I had a Nook Classic for a while, and it was good for shelves and all, but I went to the STR for the better screen and longer battery life.
Got those things, but everything else was not so great.. If you have a big library adding books to the shelves you create is a laborious process, but you already know that from looking at your mom's reader. In the end I ended up giving my STR to my own mother. I made sure it was good and organized but that took more work to do than I ever want to again on a library.
If you want good organization I'd say go with the Sony's PRS-T2. You can find one for about a hundred dollars in Best Buy sometimes. With Calibre you take your books, making sure they are still in EPUB format, lump them in the series columns with names like-Brooks, Terry (Sword of Shannara Series)-and sideload the books into the Reader. It will become a collection you can access immediately without having manually create it on the Reader.

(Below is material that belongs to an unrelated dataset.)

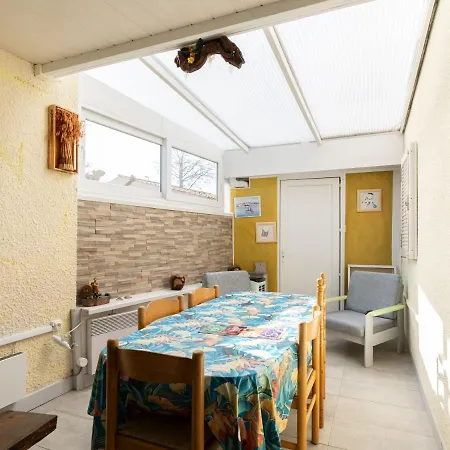 1 Bedroom And Mezzanine For 6 * Agde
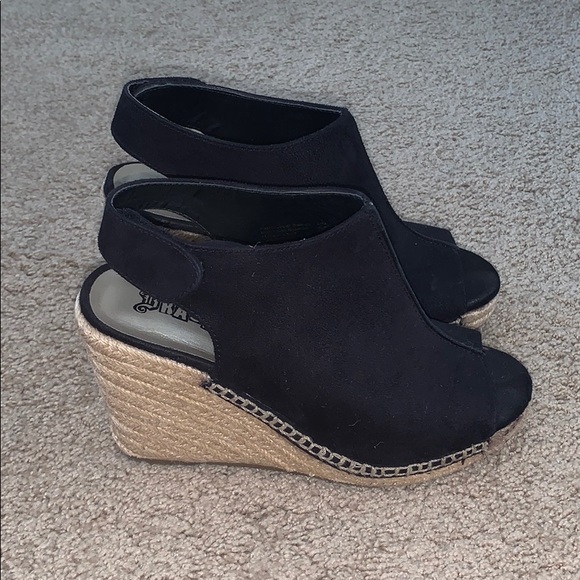 Women’s Black Wedges Size 6 (or 7) - Picture 4 of 6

Best part is if you do multiple shelves the Reader will even slot them in alphabetically.
As for stripping DRM there is a place on the internet suggests ways to do it. Hint-old show starring a furry brown alien. Think of him as an apprentice of sorts.
Still I really do recommend the T2. No rooting necessary. I have 4k books in my library now, and with Calibre I was able to load all of it into the Reader divided up into about 450 collections. Even better is that I bought my wife the same reader, purchased a memory card for it, cloned my memory card onto the new one, and loaded it into her Reader. Instant Library Duplication with no extra work.
The Nook STR is a great reader, but the ability to manage collections or shelves from a computer was what really sold it for me on the Sony. Your mother's frustration about the Nook's shelving system is not unique. With no 'Add to Shelf' feature paging through your entire library to add one book becomes a nightmare.